What is being asked.
Every record below is to be retyped exactly, with the pictures left out.

[Saved entries]
◆ ◆ ◆ ◆
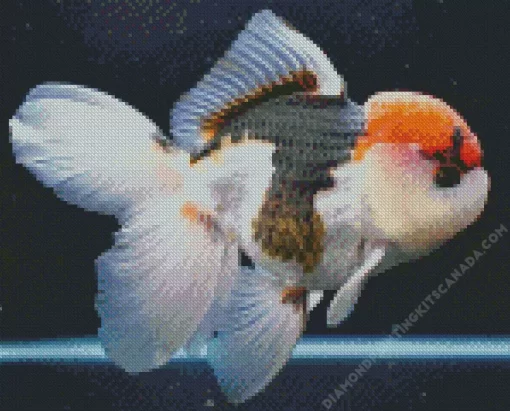 Oranda Goldfish Diamond Painting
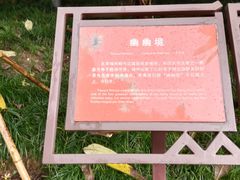 -乌山风景区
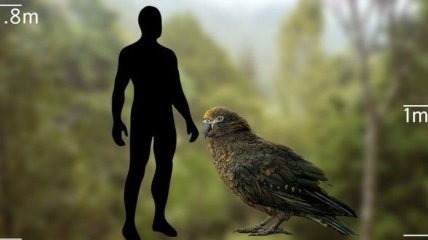 Останки гигантского попугая обнаружили в Новой Зеландии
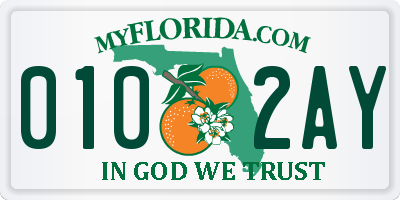 FL license plate 0102AY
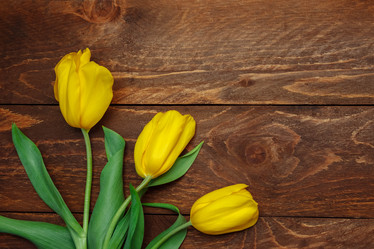 Similar image 21259611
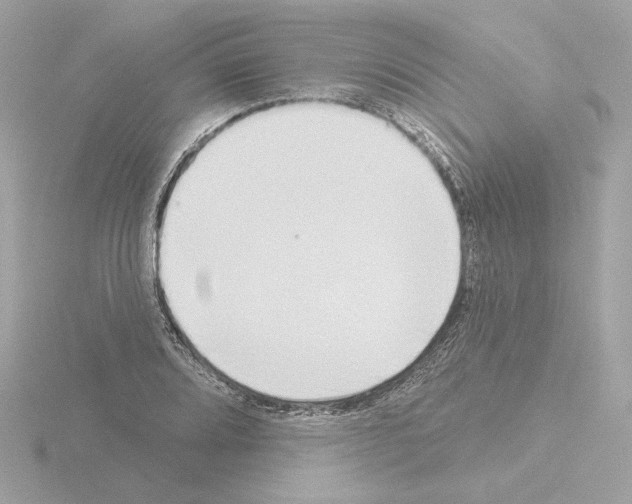 X0000115521080200912181501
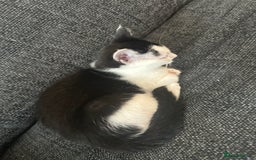Mixed Breed cats for sale: ⭐️⭐️ 2 Males & 1 female mixed breed Kittens!!⭐️⭐️ - Image 2
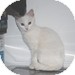 Domestic Shorthair Kitten for Sale in Vancouver, British Columbia - Abee Domestic Shorthair Kitten for Sale in Vancouver, British Columbia - Abee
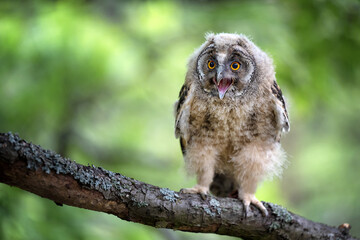 An eared owl in the forest sits on a branch.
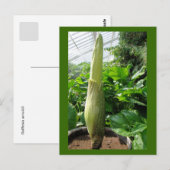 Rafflesia arnoldii briefkaart (Voorkant / Achterkant)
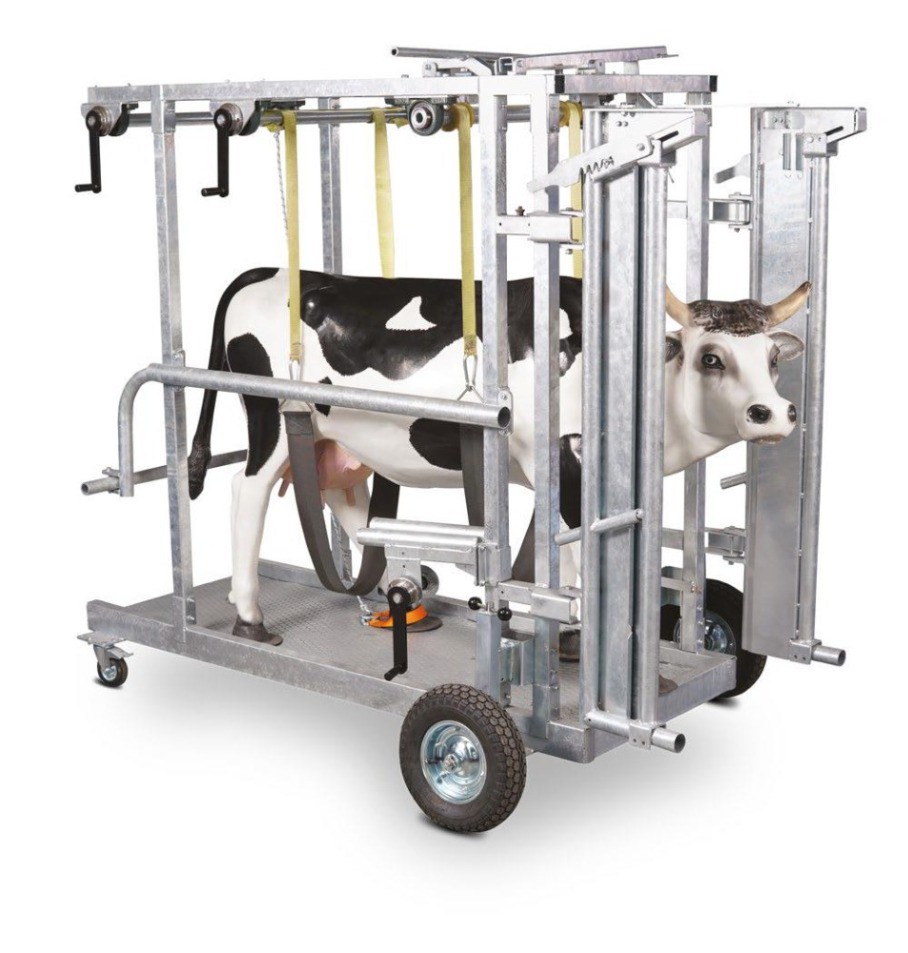 d021f69a-c904-4e39-86b8-ad38d66db2cd-Melasty Klauenpflegestand 1.jpg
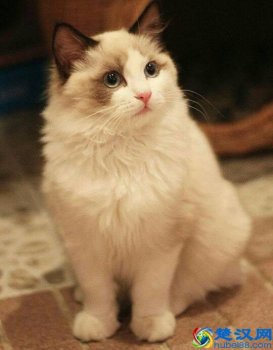  布偶猫多少钱一只？猫界中的女神，真的美呆了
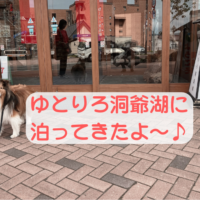 洞爺湖　犬と泊まれる宿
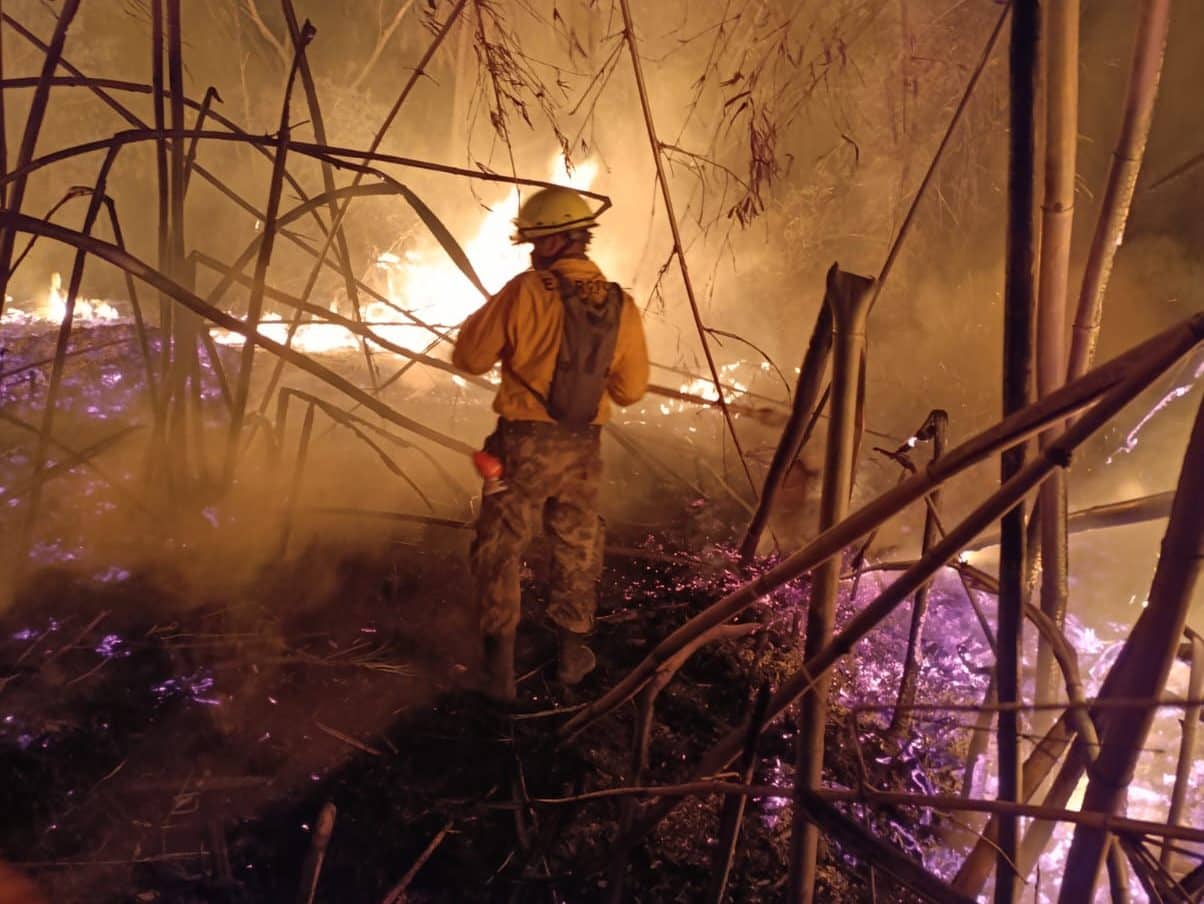 Ejército Paraguayo, Comando Logístico, Armada Paraguaya y la Fuerza Aérea se unen al intenso trabajo de los bomberos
◆ ◆ ◆ ◆
Response box.
 Oranda Goldfish Diamond Painting
 -乌山风景区
 Останки гигантского попугая обнаружили в Новой Зеландии
 FL license plate 0102AY
 Similar image 21259611
 X0000115521080200912181501
Mixed Breed cats for sale: ⭐️⭐️ 2 Males & 1 female mixed breed Kittens!!⭐️⭐️ - Image 2
 Domestic Shorthair Kitten for Sale in Vancouver, British Columbia - Abee Domestic Shorthair Kitten for Sale in Vancouver, British Columbia - Abee
 An eared owl in the forest sits on a branch.
 Rafflesia arnoldii briefkaart (Voorkant / Achterkant)
 d021f69a-c904-4e39-86b8-ad38d66db2cd-Melasty Klauenpflegestand 1.jpg
  布偶猫多少钱一只？猫界中的女神，真的美呆了
 洞爺湖　犬と泊まれる宿
 Ejército Paraguayo, Comando Logístico, Armada Paraguaya y la Fuerza Aérea se unen al intenso trabajo de los bomberos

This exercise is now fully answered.